### [TASK REQUIREMENTS]
Nothing but the lines below from the first through the one with "Arike Ogunbowale of" should appear, printed exactly; please leave pictures out.

### [INPUT DATA]
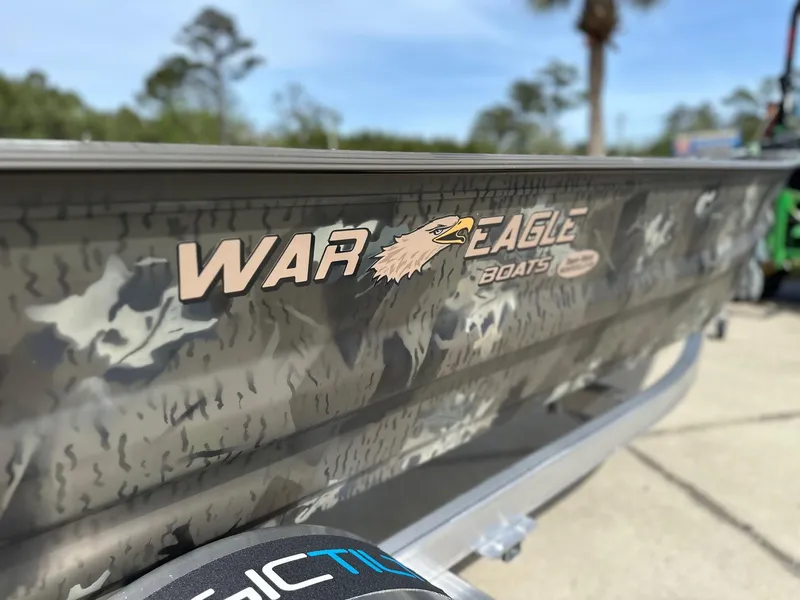 Slide: The Image of 2025 War Eagle 548LDV boat with camouflage design and logo, outdoors on a sunny day. - 6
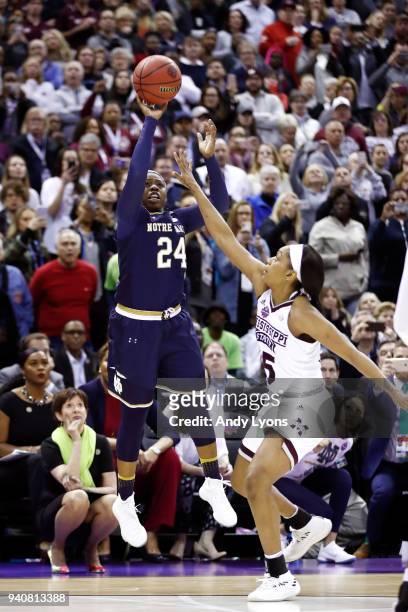 Arike Ogunbowale of the Notre Dame Fighting Irish hits the game winning shot with 0.1 seconds remaining in the fourth quarter under pressure from...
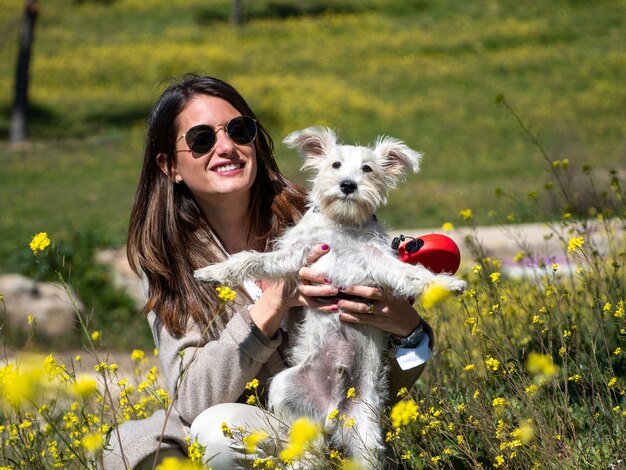 Frau mit weißem Schnauzerhund im gelben Blumenfeld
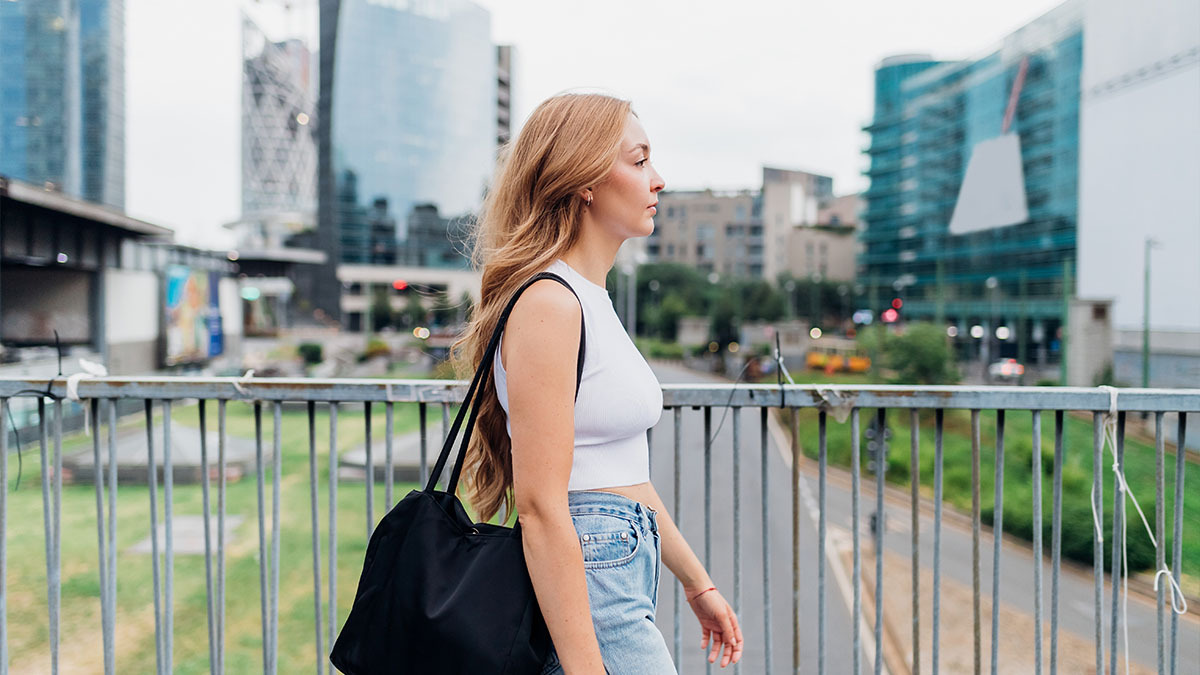 A young woman walking across a bridge in the city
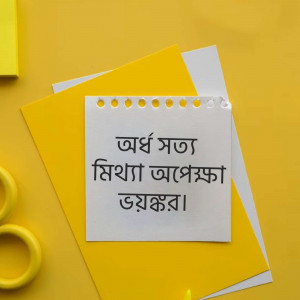 Close-up of a sticky note with Bengali text on a vibrant yellow surface.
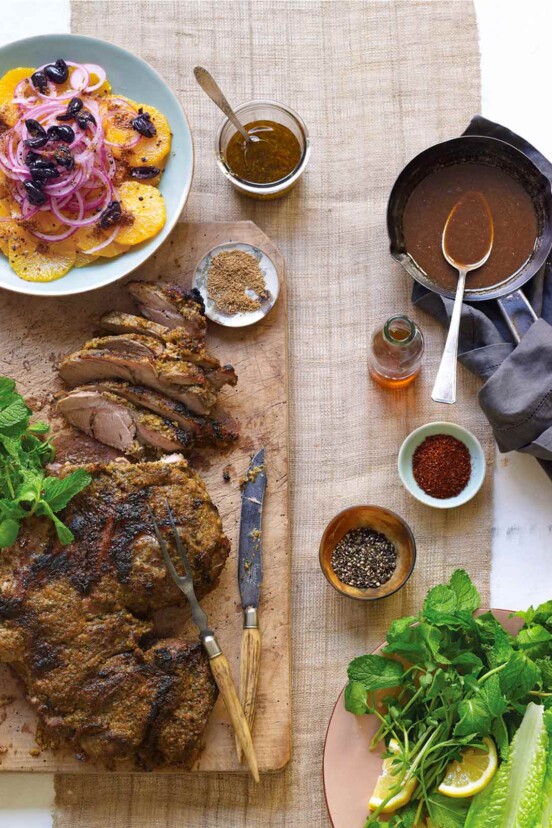 A wooden board with a partially carved leg of lamb with Moroccan spices, with side dishes and bowls of spices and gravy alongside.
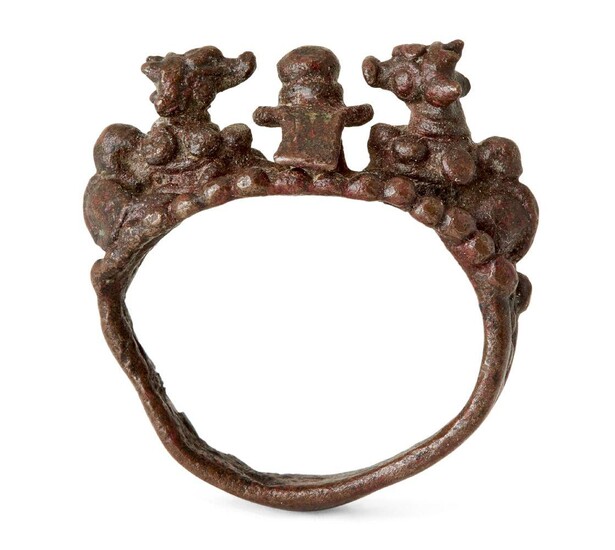 A bronze ring with nandi, India or possibly Java, 16th-17th century, the bezel with lingham and recumbant figure of Nandi either side, the plain shank slightly bent, 2.3cm. diam. Provenance: Private Collection Oliver Hoare (1945-2018)
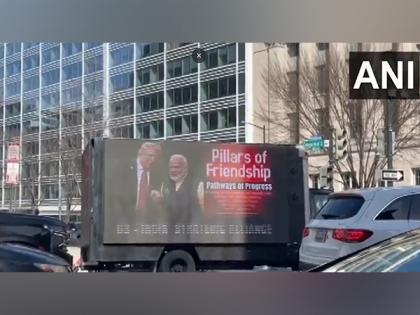 US: Mobile billboard advertising truck displays boards featuring pictures of PM Modi, Trump | US: Mobile billboard advertising truck displays boards featuring pictures of PM Modi, Trump US: Mobile billboard advertising truck displays boards featuring pictures of PM Modi, Trump | US: Mobile billboard advertising truck displays boards featuring pictures of PM Modi, Trump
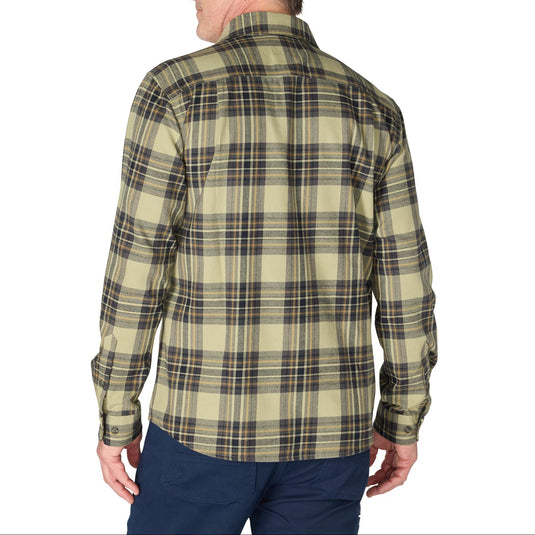 A man shown from the back wearing a long-sleeve plaid button-down shirt in olive green and beige with dark brown and black lines, paired with navy pants, against a plain white background.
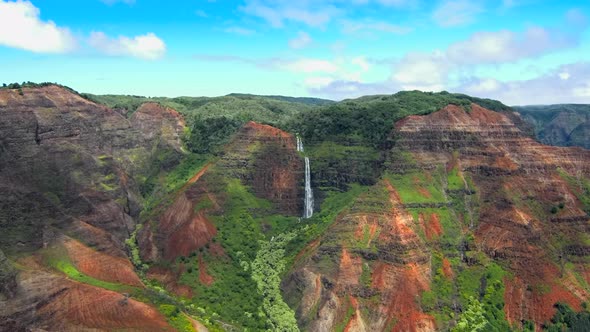 Aerial view of jurssic falls at Waimea Canyon In Kauai Island alt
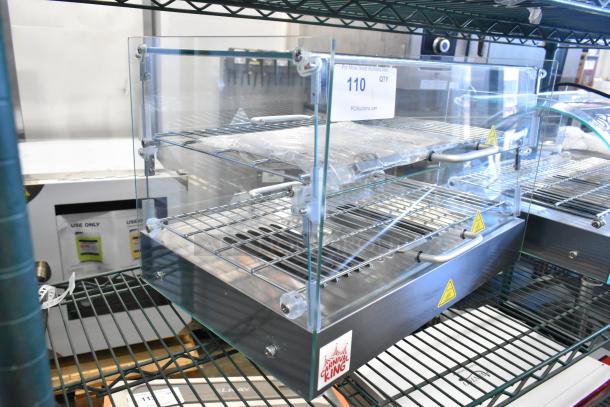 Brand new Carnival King 382HDSG2A hot food display case with silver finish, two shelves, and scratch and dent condition.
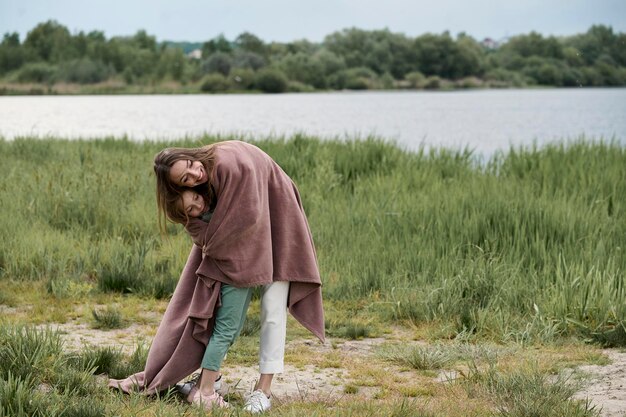 Hermosa joven madre jugando con su pequeña hija junto al río en la naturaleza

### [ANSWER FOR THE TASK]
 Slide: The Image of 2025 War Eagle 548LDV boat with camouflage design and logo, outdoors on a sunny day. - 6
 Arike Ogunbowale of the Notre Dame Fighting Irish hits the game winning shot with 0.1 seconds remaining in the fourth quarter under pressure from...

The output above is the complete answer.